The workspace also maintains state between sessions. Context settings, favorite languages, and recent history persist across browser sessions, so returning to the workspace the next day does not require reconfiguring everything from scratch. The environment is ready to use immediately, with the same context categories, the same language pair, and the same tools accessible exactly where they were left.
Frequently Asked Questions
Is there a free AI grammar checker online
Several grammar checkers offer free tiers with limited functionality. Grammarly's free version covers basic grammar and spelling. YEB's grammar checker operates on a pay-per-use credit model where corrections are charged per request. The advantage of the credit model is that the full feature set, including context-aware corrections, is available on every request without premium tier restrictions.
Can one tool really replace separate translation and grammar apps
The YEB Translate workspace combines translation, grammar correction, rephrasing, explanation, summarization, and synonyms in a single interface. Each tool shares the same context settings and operates on the same text editor. For most text processing workflows, this eliminates the need to switch between separate applications.
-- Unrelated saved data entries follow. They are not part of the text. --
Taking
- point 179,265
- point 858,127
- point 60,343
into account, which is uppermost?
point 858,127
Users with highly specialized needs in a single area, such as professional proofreading, may still benefit from dedicated tools alongside the workspace.
How does the rephrase text feature work
The rephrase function takes existing text and reformulates it while preserving the original meaning. It respects the active context settings, so rephrasing at formality level two produces casual output while level five produces formal output. Text can be rephrased in full or as a highlighted selection, allowing targeted refinement of specific sentences or paragraphs within a larger document.
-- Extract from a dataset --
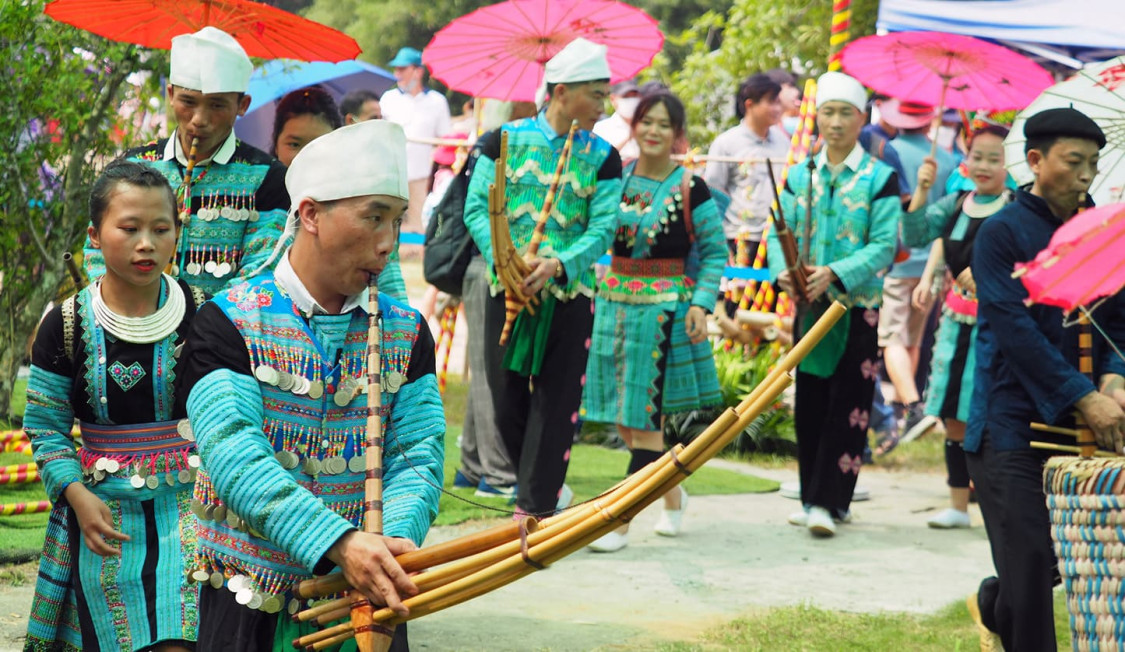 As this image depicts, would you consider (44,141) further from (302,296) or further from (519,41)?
(302,296)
What does the summarize text AI tool do
The summarization tool condenses longer text into a shorter version that preserves key points and essential meaning. It works on source text in any supported language, which means foreign-language documents can be summarized without translating them in full first. The summary respects active context settings, maintaining the appropriate tone and formality level.
Is there a free tool to rephrase text online
Several rephrasing tools offer free tiers, typically with word count limits or reduced feature sets. YEB Translate's rephrase function is part of the pay-per-use workspace where credits are consumed per request. All context settings are available on every rephrase operation, and the rephrased text can be further translated, corrected, or refined within the same workspace.
What languages does the AI text editor support
The workspace supports all languages available through the underlying AI model, which covers the vast majority of widely spoken languages globally. Translation, rephrasing, correction, explanation, and summarization work across all supported languages. The context system's 22 language-specific settings provide additional control for languages with regional variants, formal/informal address systems, and script alternatives.